Work item: Please transcribe only the lines from the one holding "this 474×266 image." through the final line of the data, both included, with no pictures.

Stored data entries
════════
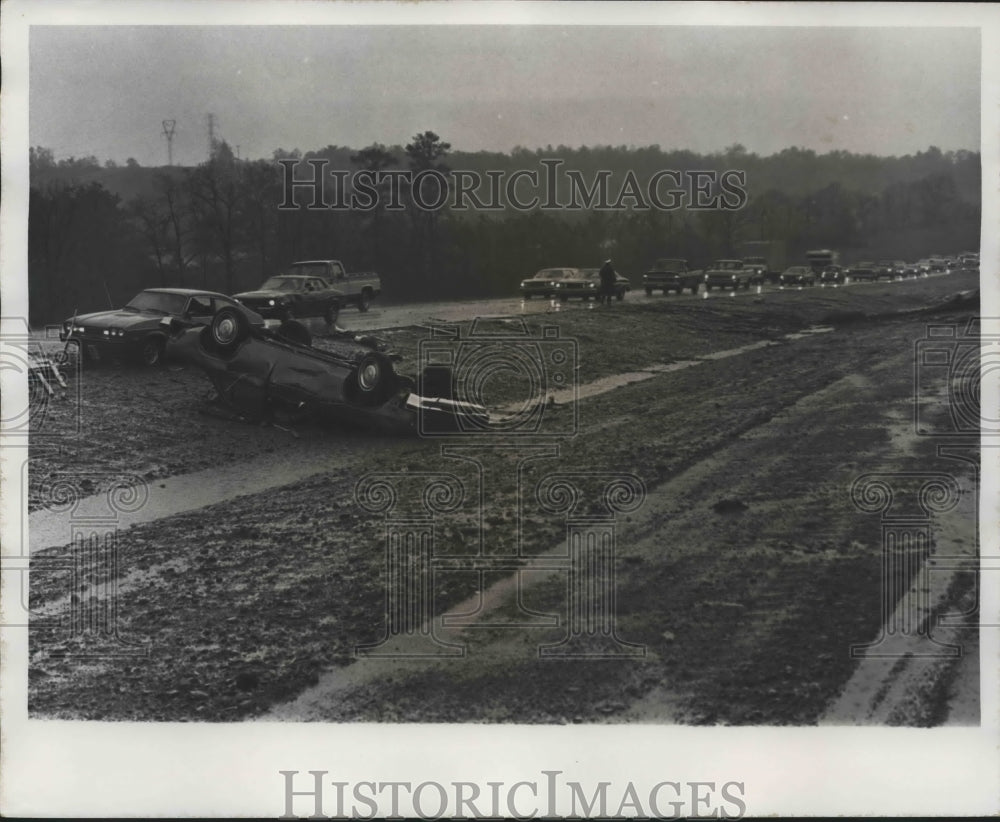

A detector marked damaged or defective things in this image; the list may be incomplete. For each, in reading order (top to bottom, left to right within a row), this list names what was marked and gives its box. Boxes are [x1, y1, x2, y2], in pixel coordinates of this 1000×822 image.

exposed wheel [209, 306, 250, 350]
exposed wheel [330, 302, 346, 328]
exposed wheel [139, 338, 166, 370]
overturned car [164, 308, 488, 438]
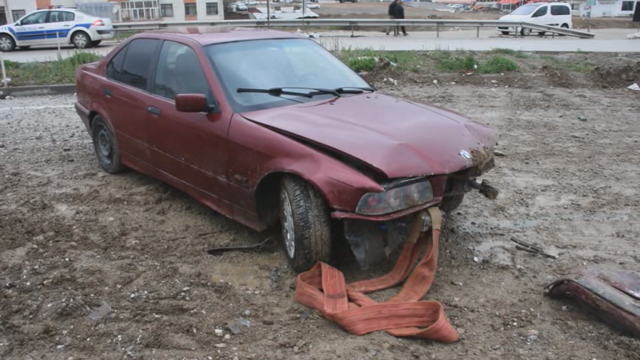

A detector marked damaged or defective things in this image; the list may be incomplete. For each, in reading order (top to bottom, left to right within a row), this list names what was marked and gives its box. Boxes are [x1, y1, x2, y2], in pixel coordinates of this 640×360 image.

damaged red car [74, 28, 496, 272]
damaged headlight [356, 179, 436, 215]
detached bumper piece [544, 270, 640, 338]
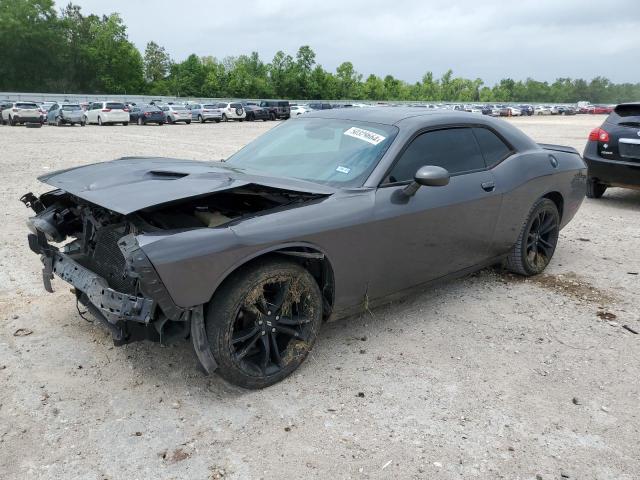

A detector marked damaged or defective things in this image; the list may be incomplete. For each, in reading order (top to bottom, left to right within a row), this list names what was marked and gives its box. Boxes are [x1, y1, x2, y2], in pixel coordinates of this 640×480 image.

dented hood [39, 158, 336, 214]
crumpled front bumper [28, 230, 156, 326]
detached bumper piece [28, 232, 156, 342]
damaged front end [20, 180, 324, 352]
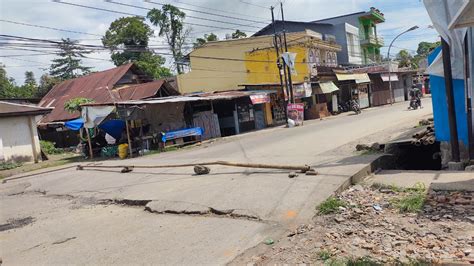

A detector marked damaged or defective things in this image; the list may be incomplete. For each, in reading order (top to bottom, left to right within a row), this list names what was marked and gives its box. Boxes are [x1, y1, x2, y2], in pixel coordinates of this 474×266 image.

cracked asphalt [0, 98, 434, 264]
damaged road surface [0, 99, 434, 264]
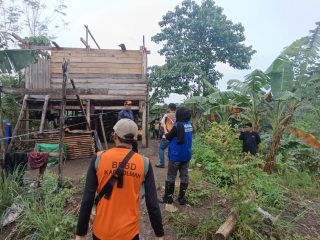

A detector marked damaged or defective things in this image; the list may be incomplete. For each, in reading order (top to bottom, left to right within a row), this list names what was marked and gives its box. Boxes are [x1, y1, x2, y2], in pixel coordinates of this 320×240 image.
════════
Output of the exercise:
A detector marked damaged or defective things in this image; the list may be incomplete. For each, in reading order (top to bottom, left to right within a row), this list names what was marked and gives its box. Boxes are [x1, y1, x2, y2], in pixel coordinates of this 474×266 image.

cracked asphalt [0, 98, 434, 264]
damaged road surface [0, 99, 434, 264]

A detector marked damaged or defective things in this image; the list may be incomplete. For each, in reading order (top to bottom, left to right within a row), this list names what was marked and gives its box. Boxes are [x1, y1, x2, y2], in pixel coordinates of this 320×240 image.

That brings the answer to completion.